But a hardcore militant group is trying to sabotage the event.
Members of the Socialist Worker Student Society have plastered posters all over the campus in Mile End, east London, stating “Jacob Rees Mogg not welcome here” and featuring a picture of the Tory MP wearing a top hat.
Accusing the Conservative leadership favourite of belonging to the “most reactionary wing” of the party, the poster criticises the Old Etonian father-of-six for being pro-abortion, even in the case of rape, anti gay marriage and “against the rights of EU nationals to stay”.
In fact, the devout Catholic who is the newly-elected chairman of the pro-Brexit European Research Group, has always called for EU citizens’ rights to be protected after Brexit.

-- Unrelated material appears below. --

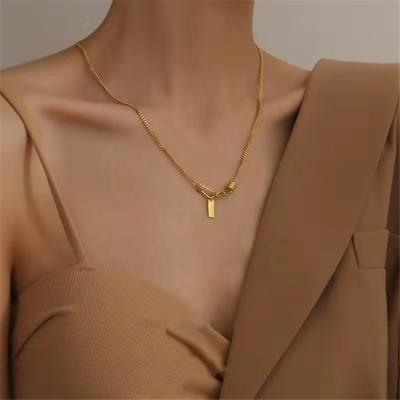 China European and American other 18K gold Cuban U-shaped heavy texture gold lock diamond necklace button double retro natural diamond for sale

The poster continues: “This is our campus and we shouldn’t be inviting politicians who are against the welfare and freedom of our diverse student and staff body.”
The move is the latest attempt by students to “no platform” a speaker they disagree with, amid concerns universities are not doing enough to protect freedom of speech.

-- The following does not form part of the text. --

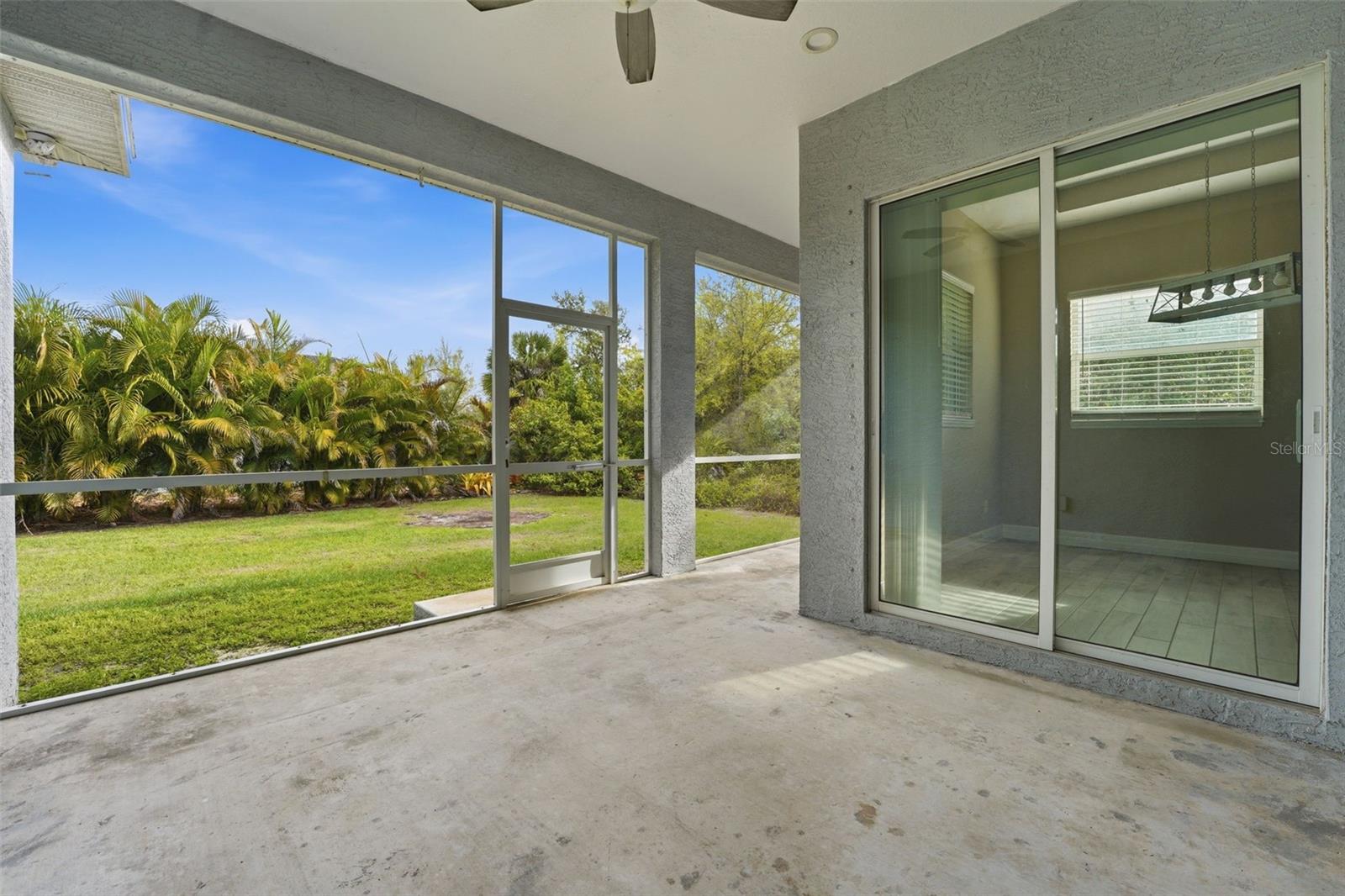 ROTONDA LAKES - Residential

The Office for Students has been recently created to tackle the issue, with former universities minister Jo Johnson threatening to fine universities which try to block speakers with controversial views.
Recent cases of “no platforming” include attempts to gag feminist Germaine Greer and gay rights campaigner Peter Tatchell over their views on transgender issues.
Guy Levy, 22, chairman of Queen Mary’s Conservative Society, said the socialist group had insisted it was not trying to no platform Mr Rees-Mogg but exercise its right to free speech.
“It’s more pointless than anything,” he said.
“The general feeling is that if they are having a problem then they should attend the speech like everyone else and take part in the question and answer session at the end.”
Mr Rees-Mogg said he would be delighted to answer any of the activists’ questions.
“I am very interested in what they have to say,” he said.
“Like them I believe in freedom of speech and I think they are perfectly entitled to oppose my views.
“I just didn’t know I’d be required to wear a top hat.”